Peel castle was built sometime during the 11th century by a Viking king named Magnus Barefoot. It is the oldest, still standing castle on the isle of Man and one of the finest examples of Viking fortifications anywhere in the UK.
The island did have Celtic forts on it at the time the Vikings arrived, but these were often made of earth and timber, but one exception was the Celtic monastery which stood on St Patricks Isle, which is the small island now completely covered by the castle.
The monastery became integrated in the castles design and now the round tower which can be seen inside the walls was originally part of the monastery, though some alterations have taken place, such as the addition of battlements.
The main surrounding walls and towers were added during the 14th century from local red sandstone. After this date the castle had a relatively boring life as it never really saw any combat. After the Vikings left it was used by the church since it had a reasonably large cathedral within the walls, and construction and maintenance continued as late as 1860.
The reason for the poor state of the interior buildings and towers is from when the Vikings left and the church was in possession. Since it was only used as a holy site and these were probably the safest place to be during medieval times, keeping up maintenance on the defences seems the lowest priority and some of the structures began to crumble. The church only used the site up until the early 1700's when it was totally abandoned..

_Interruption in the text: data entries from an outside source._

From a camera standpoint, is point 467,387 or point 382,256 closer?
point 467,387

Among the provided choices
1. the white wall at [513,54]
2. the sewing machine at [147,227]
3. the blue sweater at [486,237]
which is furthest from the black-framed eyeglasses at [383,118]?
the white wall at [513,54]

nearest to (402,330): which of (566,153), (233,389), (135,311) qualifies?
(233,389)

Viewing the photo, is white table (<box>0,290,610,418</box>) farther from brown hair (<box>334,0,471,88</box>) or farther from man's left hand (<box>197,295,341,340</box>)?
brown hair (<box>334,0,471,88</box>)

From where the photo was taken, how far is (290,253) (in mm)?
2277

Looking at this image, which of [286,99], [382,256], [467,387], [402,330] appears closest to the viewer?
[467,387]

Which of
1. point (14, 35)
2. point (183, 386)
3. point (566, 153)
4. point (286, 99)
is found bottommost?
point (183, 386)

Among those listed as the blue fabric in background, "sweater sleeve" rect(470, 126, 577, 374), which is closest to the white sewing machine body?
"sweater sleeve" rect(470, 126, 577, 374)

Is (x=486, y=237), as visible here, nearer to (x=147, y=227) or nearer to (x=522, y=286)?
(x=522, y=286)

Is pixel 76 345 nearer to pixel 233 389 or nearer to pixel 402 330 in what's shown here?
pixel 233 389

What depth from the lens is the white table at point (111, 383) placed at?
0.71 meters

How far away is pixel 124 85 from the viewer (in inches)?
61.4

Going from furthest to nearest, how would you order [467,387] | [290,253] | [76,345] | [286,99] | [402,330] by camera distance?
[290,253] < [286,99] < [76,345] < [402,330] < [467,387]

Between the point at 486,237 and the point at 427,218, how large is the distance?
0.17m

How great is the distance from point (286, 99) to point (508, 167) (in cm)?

Today Peel castle is a popular tourist attraction open all year round and even has its image printed on the rear side of an Isle of Man £10 note.

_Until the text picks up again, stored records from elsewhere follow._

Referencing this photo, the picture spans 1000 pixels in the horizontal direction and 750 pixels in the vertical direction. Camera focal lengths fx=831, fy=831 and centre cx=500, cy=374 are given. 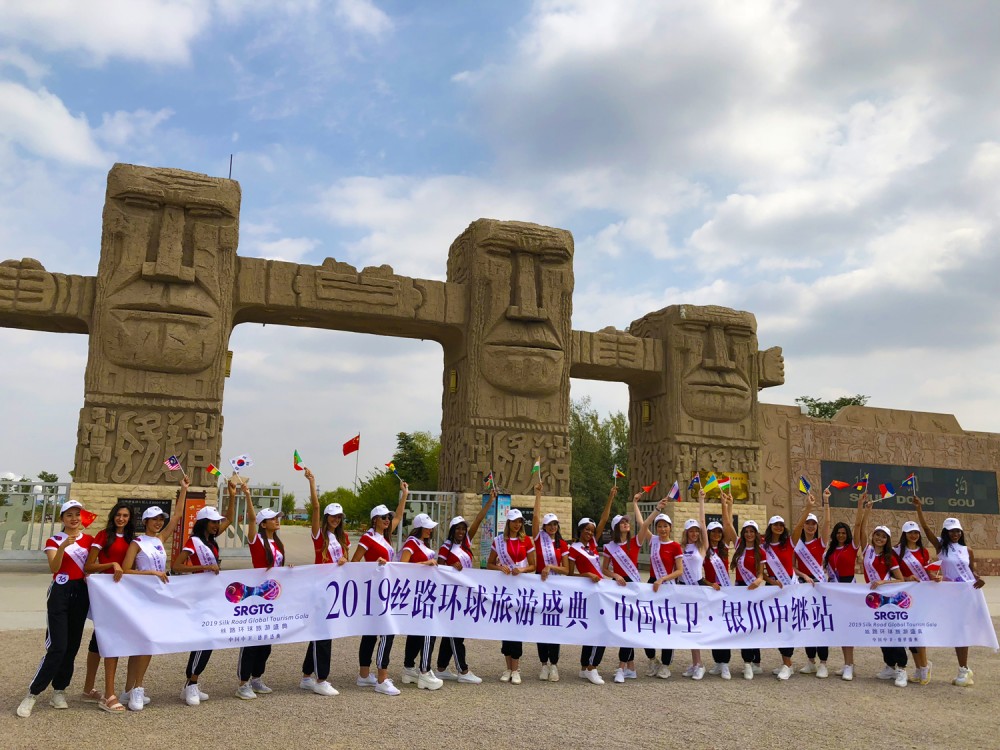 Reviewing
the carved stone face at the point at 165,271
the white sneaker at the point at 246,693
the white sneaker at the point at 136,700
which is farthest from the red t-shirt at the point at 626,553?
the carved stone face at the point at 165,271

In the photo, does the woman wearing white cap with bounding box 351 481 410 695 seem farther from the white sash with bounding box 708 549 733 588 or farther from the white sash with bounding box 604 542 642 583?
the white sash with bounding box 708 549 733 588

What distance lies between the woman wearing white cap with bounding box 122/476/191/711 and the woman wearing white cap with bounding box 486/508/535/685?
109 inches

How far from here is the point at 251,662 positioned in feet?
21.1

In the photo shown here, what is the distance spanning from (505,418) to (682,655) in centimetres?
779

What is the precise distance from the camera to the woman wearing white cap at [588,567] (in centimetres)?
744

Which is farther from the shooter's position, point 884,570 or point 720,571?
point 884,570

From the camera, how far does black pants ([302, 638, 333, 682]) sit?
6.52m

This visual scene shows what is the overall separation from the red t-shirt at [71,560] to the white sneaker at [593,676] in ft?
13.9

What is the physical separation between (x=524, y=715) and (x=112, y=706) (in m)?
2.89

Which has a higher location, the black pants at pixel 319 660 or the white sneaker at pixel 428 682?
the black pants at pixel 319 660

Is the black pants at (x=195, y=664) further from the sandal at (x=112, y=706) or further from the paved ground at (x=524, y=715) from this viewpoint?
the sandal at (x=112, y=706)

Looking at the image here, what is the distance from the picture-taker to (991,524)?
70.9ft

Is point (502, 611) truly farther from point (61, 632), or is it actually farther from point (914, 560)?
point (914, 560)

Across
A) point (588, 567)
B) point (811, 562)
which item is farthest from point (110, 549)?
point (811, 562)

Peel Castle has always been closely associated with the tale of King Arthur. In the many texts that refer to him there is an island which comes up again and again called Avalon. This is described as a small fortified island where the famous sword known as Excaliber was forged, it is also the place where Arthur was taken to heal from his wounds after the battle of Camlann.

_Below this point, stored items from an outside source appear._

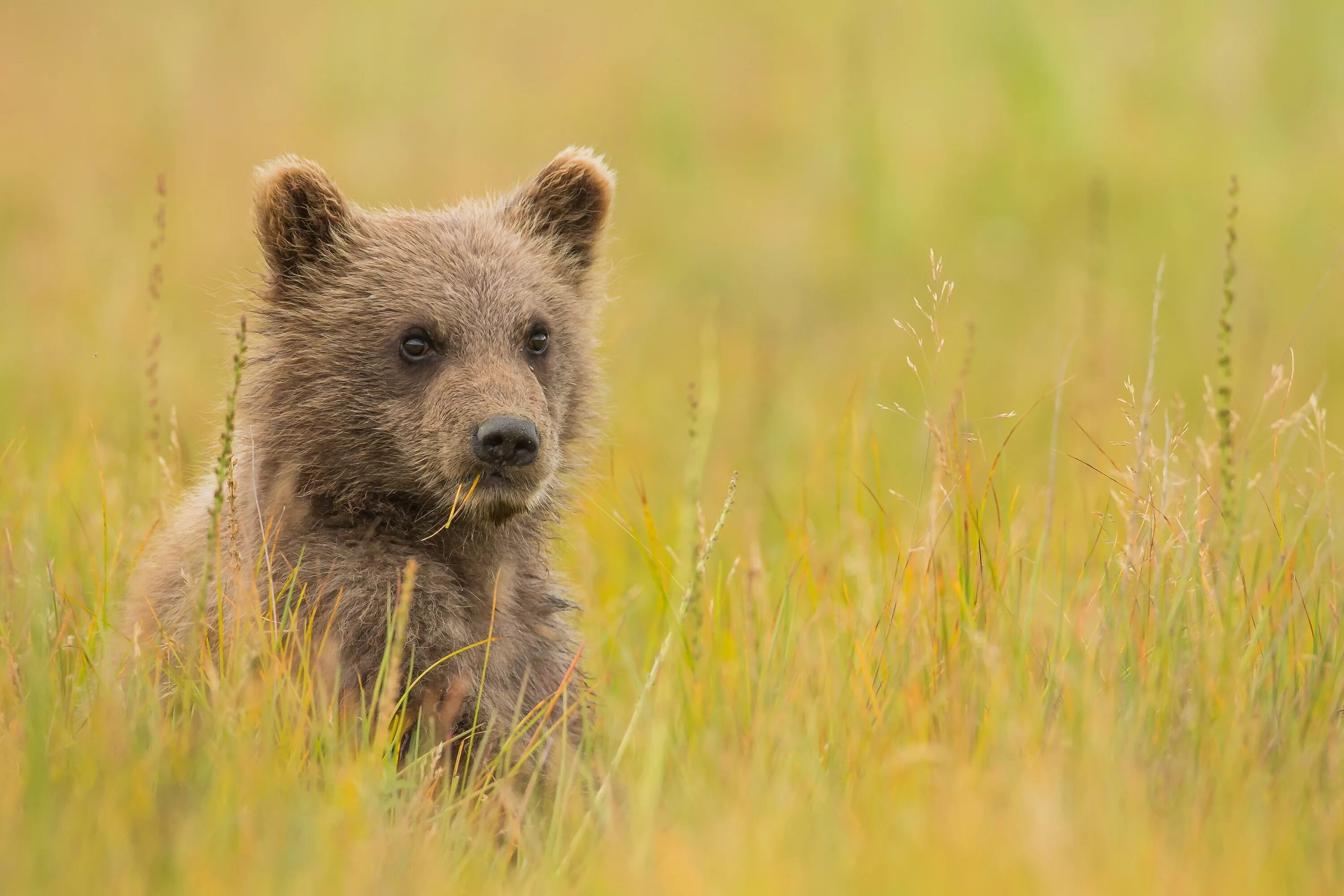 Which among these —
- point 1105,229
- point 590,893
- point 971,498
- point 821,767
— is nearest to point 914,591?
point 971,498

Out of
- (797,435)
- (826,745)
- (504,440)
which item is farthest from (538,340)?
(797,435)

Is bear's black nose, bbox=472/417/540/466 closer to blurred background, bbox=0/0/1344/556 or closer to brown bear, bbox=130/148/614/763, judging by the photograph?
brown bear, bbox=130/148/614/763

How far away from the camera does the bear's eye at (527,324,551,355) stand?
194 inches

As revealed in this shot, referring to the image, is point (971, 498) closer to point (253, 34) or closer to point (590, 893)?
point (590, 893)

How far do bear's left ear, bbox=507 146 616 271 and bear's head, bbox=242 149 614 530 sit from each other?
21cm

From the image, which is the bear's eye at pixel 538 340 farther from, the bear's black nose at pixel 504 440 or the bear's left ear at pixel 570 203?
the bear's black nose at pixel 504 440

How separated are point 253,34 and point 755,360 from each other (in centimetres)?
849

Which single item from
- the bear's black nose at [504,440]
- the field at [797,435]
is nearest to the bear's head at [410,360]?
the bear's black nose at [504,440]

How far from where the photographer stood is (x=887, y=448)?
8289mm

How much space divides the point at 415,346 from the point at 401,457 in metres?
0.46

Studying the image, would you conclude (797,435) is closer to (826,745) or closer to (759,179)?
(826,745)

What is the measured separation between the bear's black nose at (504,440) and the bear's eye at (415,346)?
510 millimetres

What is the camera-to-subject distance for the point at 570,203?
5.57 m

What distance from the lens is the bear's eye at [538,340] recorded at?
493cm
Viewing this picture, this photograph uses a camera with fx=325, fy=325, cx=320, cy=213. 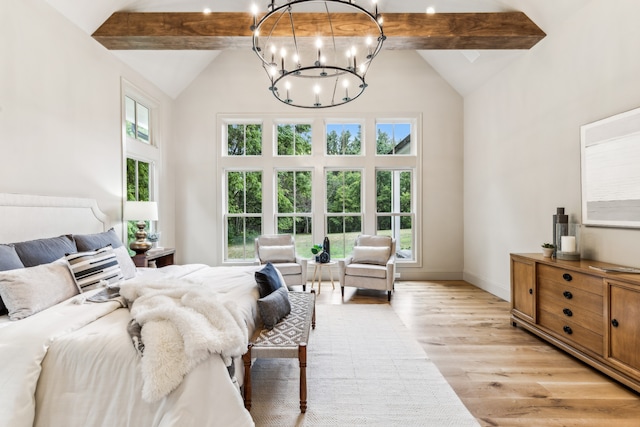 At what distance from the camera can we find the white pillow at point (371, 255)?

Of course it can never be proved exactly who Arthur was and when or if he existed, but that hasn't stopped the island becoming well known for mysterious goings on.
There are all the usual tales you may expect from a place like this, such as seeing apparitions of past residents and strange sounds, but the most well known and seemingly the most active spirit here is known as the Moddey Dhoo.
This legend goes back hundreds of years and the origin of which seems untraceable, as does the reason it is here. The Moddey Dhoo is a large black dog like creature, with huge shining eyes. It has been seen relatively frequently over the centuries and there are official records mentioning it. One such account comes from a historian in 1731 and goes as follows:
They say, that an apparition called, in their language, the Mauthe Doog, in the shape of a large black spaniel with curled shaggy hair, was used to haunt Peel Castle; and has been frequently seen in every room, but particularly in the guard-chamber, where, as soon as candles were lighted, it came and lay down before the fire in presence of all the soldiers, who at length, by being so much accustomed to the sight of it, lost great part of the terror they were seized with at its first appearance.
George Waldron, History and Description of the Isle of Man (1st ed. 1731) 1744 edition, p.23
There used to be an underground passage that connected the castle to the apartment of the Captain of the guard, which ran under the church buildings. The Moddey Dhoo was often seen coming out this passage at dusk and returning at dawn, on what has described as a regular basis. There is a tale of one guard who was tasked with locking up the gate to this tunnel at the end of the day and against protocol he went to lock it up alone, wanting to get the day over as soon as possible. But upon reaching the grate covering the tunnel he saw the Moddey Dhoo and collapsed on the spot, he was taken to a room to recover but died 3 days later, without being able to speak a single word about what happened. This is supposedly the incident which caused an order to be made to seal the tunnel and a new one built.